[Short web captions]
*** Begin section ***

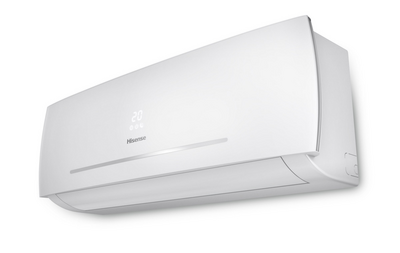 Сплит-система Hisense NEO Classic A (R32) AS-24HR4RBADC00 в Перми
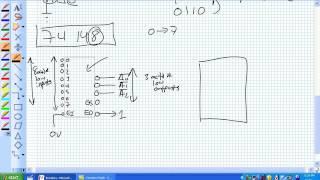 Encoders Part 2 [upl. by Wynnie]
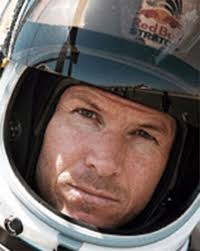 1,310,491 likes · 5,735 talking about this. Felix Baumgartner Parachutist Thinking Heads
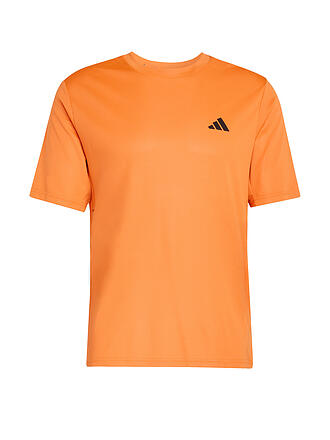 ADIDAS | Camiseta de fitness para hombre WE BAS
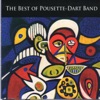 The Best of Pousette-Dart Band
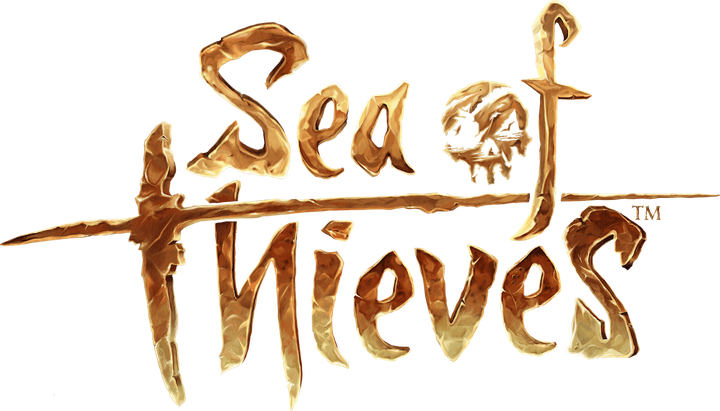 Sea of Thieves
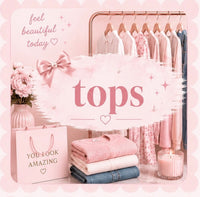 Tops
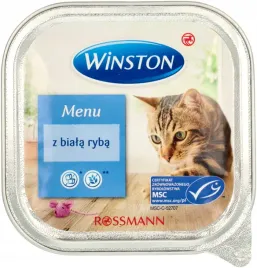 winston-mokra-karma-dla-kotow-z-biala-ryba-100-g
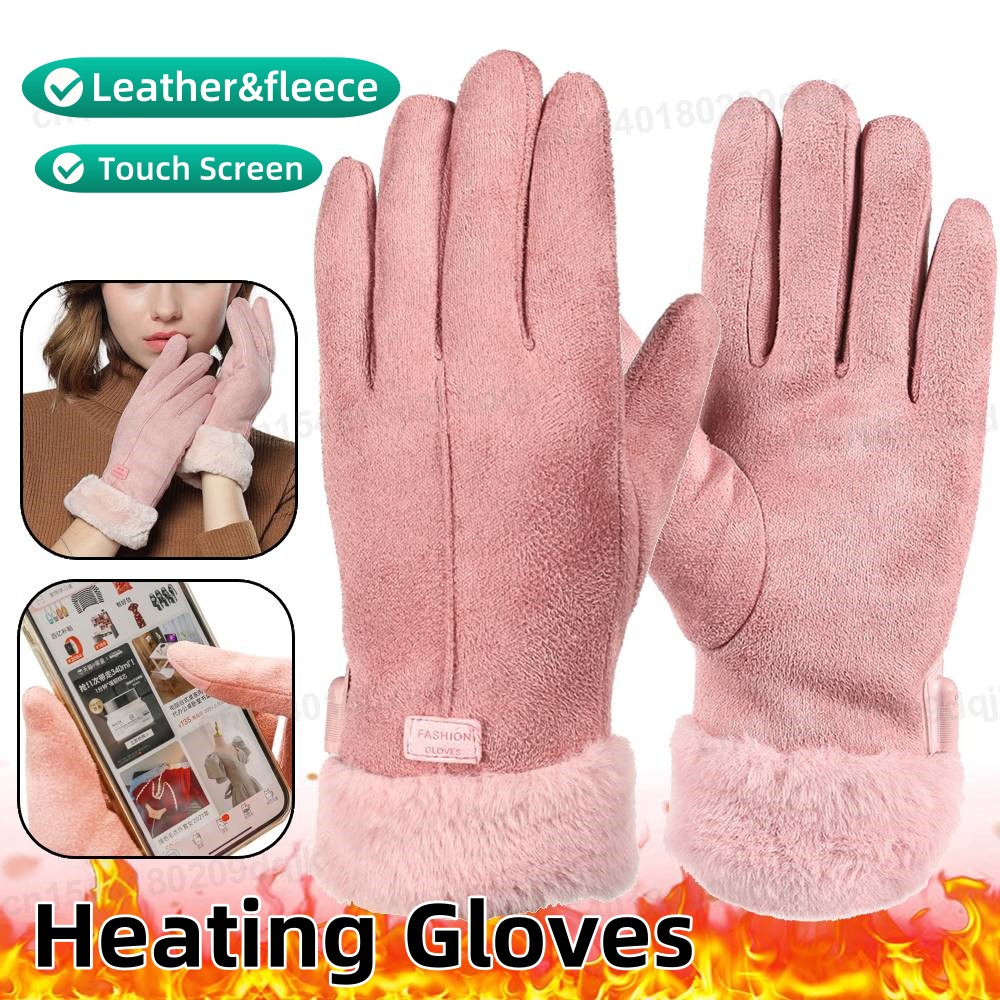 USB 전기 가열 장갑 야외 열 장갑 손 따뜻하게 겨울 - Ski Glove Waterproof 리뷰 및 가격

*** End section ***

=== ASSIGNMENT ===
Reproduce the data above word for word from its first line through the line that holds "The Best of Pousette-Dart Band", both ends included; skip pictures.

=== SOLUTION ===
 Сплит-система Hisense NEO Classic A (R32) AS-24HR4RBADC00 в Перми
 Encoders Part 2 [upl. by Wynnie]
 1,310,491 likes · 5,735 talking about this. Felix Baumgartner Parachutist Thinking Heads
 ADIDAS | Camiseta de fitness para hombre WE BAS
 The Best of Pousette-Dart Band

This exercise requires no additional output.